# Picking a stallion



## Lepeppylass (Feb 13, 2016)

Hi everyone! I'm trying to find a stallion for my maiden AMHA mare, but I am having a heck of a time! I cant seem to find listings in the usual places (dreamhorse, equine now). Is there a secret to finding a mini stallion? looking for more of a stockhorse build, not the arabian type, under 33", great temperament and finally color is a plus! Is this mission impossible?


----------



## Rocklone Miniature Horses (Feb 13, 2016)

Move near me I have one! Haha.

Might want to ask on Facebook.


----------



## chandab (Feb 13, 2016)

Facebook is a good place to look these days, lots of mini for sale groups. You could try checking with breeders in your area; LB has a breeder page (I think it's the small horse connect link up above), LB also has a sales page (link also above). [Those links are at the top of the page, and I know I've seen stallions for sale on the sale page.] You might try that auction link up there too, there are usually a couple stallions listed (I bought one of my mares through that auction site).


----------



## Lepeppylass (Feb 13, 2016)

Thanks everyone! We're working on bringing her temp papers permanent (as soon as my printer cooperates and I get pictures) then diving in to our first breeding! The mini stallions nearest me are very Arab typey, so I will keep hunting!


----------



## Lepeppylass (Feb 13, 2016)

Forgive the winter woolies!
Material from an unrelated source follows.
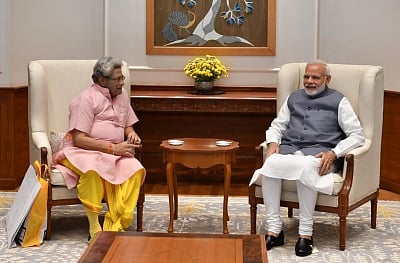New Delhi: All World Gayatri Pariwar head Pranav Pandya calls on Prime Minister Narendra Modi, in New Delhi on Sept 6, 2018. (Photo: IANS/PIB)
This is Crystal, she's 32.75" of sass! Shes the first to the gate each morning and greets me with a whinny. I can't wait to see what she produces


----------



## Strangeaddiction (Feb 17, 2016)

I know you said you didn't want an "arab" type stallion, which most mini's are as breed standard used to be a miniature of an arabian. There are now stock-type halter classes. If your mare is more stock type I wouldn't shy away from a stallion just because he has a pretty head. Look at his body mass and how he is built, just because he is stretched out doesn't mean he couldn't throw a nice stock type foal.

Are we allowed to post links to stallions on this page for her to look at? Anyone know?


----------



## Lepeppylass (Feb 17, 2016)

Strangeaddiction said:


> I know you said you didn't want an "arab" type stallion, which most mini's are as breed standard used to be a miniature of an arabian. There are now stock-type halter classes. If your mare is more stock type I wouldn't shy away from a stallion just because he has a pretty head. Look at his body mass and how he is built, just because he is stretched out doesn't mean he couldn't throw a nice stock type foal.
> 
> Are we allowed to post links to stallions on this page for her to look at? Anyone know?


You can just pm me links so we don't get into trouble?


----------



##  (Feb 17, 2016)

If you have permission from the owner(s), you can post the stallion pictures here. Just have the owner(s) send you permission via email.


----------



## Lepeppylass (Feb 17, 2016)

Castle Rock Miniatures said:


> If you have permission from the owner(s), you can post the stallion pictures here. Just have the owner(s) send you permission via email, and then forward the email on to me at [email protected] so I have verification if anyone questions it.


I dont think I'll be posting because one of the co-owners can't/doesn't use the internet/computers so I wont have document-able permission.


----------